Saturday, June 18, 2011

How It All Started

The whole thing happened pretty spontaneously. It all began on New Years Eve 2010. The last night of 2010 I sat with my family eating dinner at a great seafood restaurant in Fort Meyers, Florida, where we were on our annual family vacation. We were taking turns reflecting on the past year and the many experiences we’d had and the ways we’d grown. My 2 sisters had both studied abroad, one in Argentina and the other in Cairo, and they had many exciting stories and great experiences to share. They are the adventurous ones in the family.. I've never been the type to venture out of my comfort zone, and I realized that I had felt stuck in a rut for the past year. I didn't feel as if I'd grown as a person at all. I was the same insecure, unstable, slightly irresponsible, naïve girl I'd always been. I decided my New Years resolution for the year 2011 was to take more risks, get out of my comfort zone, and really grow as a person. I had no idea how I would do it at the time, but I believe the universe provides opportunities as they are meant to happen.

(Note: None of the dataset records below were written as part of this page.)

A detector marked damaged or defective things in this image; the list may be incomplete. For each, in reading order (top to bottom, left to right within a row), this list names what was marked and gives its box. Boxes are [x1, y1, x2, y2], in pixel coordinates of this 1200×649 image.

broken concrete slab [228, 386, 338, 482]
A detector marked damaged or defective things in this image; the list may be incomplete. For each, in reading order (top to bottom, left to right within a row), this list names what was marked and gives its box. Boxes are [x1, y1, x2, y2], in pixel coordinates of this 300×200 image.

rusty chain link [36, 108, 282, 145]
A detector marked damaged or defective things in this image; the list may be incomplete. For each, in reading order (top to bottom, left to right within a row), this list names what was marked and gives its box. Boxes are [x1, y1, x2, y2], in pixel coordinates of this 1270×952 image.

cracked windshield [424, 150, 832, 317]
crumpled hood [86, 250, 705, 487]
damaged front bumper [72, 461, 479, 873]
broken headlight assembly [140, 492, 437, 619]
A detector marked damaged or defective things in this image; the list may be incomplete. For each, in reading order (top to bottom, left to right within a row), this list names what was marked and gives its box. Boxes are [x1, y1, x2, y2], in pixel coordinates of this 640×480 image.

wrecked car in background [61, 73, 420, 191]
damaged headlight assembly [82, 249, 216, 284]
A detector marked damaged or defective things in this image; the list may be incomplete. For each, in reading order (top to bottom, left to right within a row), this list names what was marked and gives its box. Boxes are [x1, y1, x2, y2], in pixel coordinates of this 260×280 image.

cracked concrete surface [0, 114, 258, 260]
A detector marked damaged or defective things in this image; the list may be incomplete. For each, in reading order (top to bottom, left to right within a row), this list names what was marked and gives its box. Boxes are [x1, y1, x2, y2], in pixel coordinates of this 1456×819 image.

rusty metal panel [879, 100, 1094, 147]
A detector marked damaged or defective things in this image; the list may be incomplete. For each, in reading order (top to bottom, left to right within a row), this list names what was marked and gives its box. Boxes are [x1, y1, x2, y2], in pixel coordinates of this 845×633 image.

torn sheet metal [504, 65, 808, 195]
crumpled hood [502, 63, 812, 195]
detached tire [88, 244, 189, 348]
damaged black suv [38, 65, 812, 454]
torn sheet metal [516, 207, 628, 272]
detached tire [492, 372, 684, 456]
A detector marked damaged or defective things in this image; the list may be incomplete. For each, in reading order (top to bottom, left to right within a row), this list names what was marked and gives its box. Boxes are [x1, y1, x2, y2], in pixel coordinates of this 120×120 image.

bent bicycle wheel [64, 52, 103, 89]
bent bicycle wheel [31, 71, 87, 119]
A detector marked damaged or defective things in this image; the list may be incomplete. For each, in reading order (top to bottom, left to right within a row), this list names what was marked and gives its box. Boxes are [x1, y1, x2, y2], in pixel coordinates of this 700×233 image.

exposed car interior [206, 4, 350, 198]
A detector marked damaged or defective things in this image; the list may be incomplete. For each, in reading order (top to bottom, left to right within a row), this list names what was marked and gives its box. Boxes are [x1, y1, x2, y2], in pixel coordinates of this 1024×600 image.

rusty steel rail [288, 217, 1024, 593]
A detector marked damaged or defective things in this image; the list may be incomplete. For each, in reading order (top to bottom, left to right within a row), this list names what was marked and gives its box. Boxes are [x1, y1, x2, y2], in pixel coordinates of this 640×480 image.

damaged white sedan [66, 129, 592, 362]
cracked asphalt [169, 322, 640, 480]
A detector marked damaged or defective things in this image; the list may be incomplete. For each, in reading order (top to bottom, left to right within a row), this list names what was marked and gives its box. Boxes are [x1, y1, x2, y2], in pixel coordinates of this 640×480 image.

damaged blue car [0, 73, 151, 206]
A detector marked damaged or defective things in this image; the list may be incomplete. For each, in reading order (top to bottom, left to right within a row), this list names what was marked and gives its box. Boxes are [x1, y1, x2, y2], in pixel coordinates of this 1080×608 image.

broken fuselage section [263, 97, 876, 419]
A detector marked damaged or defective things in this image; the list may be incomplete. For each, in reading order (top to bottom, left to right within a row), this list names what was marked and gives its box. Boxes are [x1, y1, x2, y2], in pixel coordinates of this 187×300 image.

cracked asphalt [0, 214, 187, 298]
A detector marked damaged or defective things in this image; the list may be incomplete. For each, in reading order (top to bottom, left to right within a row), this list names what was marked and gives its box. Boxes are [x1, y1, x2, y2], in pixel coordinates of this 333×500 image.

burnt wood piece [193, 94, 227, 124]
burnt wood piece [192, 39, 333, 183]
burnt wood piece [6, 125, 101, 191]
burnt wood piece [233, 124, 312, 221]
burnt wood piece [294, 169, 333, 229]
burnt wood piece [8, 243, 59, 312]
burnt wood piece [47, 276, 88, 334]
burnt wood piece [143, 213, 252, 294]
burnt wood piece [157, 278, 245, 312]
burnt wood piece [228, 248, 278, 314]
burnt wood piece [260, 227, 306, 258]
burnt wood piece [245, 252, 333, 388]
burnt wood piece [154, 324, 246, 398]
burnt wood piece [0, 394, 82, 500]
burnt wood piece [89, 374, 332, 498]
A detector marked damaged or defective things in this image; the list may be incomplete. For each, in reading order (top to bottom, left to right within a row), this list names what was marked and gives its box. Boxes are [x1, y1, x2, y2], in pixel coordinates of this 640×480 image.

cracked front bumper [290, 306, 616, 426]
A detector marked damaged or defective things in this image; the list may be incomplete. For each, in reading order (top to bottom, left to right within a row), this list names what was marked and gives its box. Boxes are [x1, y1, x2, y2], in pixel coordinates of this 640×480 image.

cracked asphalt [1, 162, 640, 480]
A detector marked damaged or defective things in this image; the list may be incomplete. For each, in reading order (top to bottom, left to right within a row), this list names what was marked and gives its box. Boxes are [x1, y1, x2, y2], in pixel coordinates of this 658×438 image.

And low and behold, that opportunity came, early one February morning when I woke up for class and the idea popped into my head that I should study abroad! My friend Jasmine picked me up that morning for our coffee date at Starbucks as usual and I let her in on my random, exciting idea. On our walk to the Campus Center we continued chatting about it and as we rounded the corner we noticed international flags hanging all over the windows of the building. As it turns out, that morning was the Study Abroad Fair at IUPUI and dozens of booths and representatives were standing around ready to inform and answer questions on every program option. Jaz and I couldn’t believe it. We decided it was simply meant to happen!

I explored the booths and asked many questions and spent the rest of that morning sipping coffee and researching my options. My first thought was France, because of my passion for the country and language, but I’d already been there and wanted to try somewhere new. I also preferred an English speaking country, so I wouldn’t have to learn a new language. I looked at Canada (too close), England (wanted to go somewhere other than Europe), and Australia. Australia… where’s that again? They speak English, right? Hugh Jackman is Australian. I decided it was worth looking into.

All I really knew about Australia was that they had kangaroos, koala bears, the Outback, the Great Barrier Reef, and some cute accents. I also knew it was pretty much on the opposite side of the world. The picture I had in my head was pretty much tan, blonde Paul Hogans wearing khaki and driving jeeps through the desert. Ignorant? Maybe. But my only impression of Australia had been formed by Rescuers Down Under, Crocodile Dundee, and Steve Irwin as the crocodile hunter. I decided to look into it a little bit more.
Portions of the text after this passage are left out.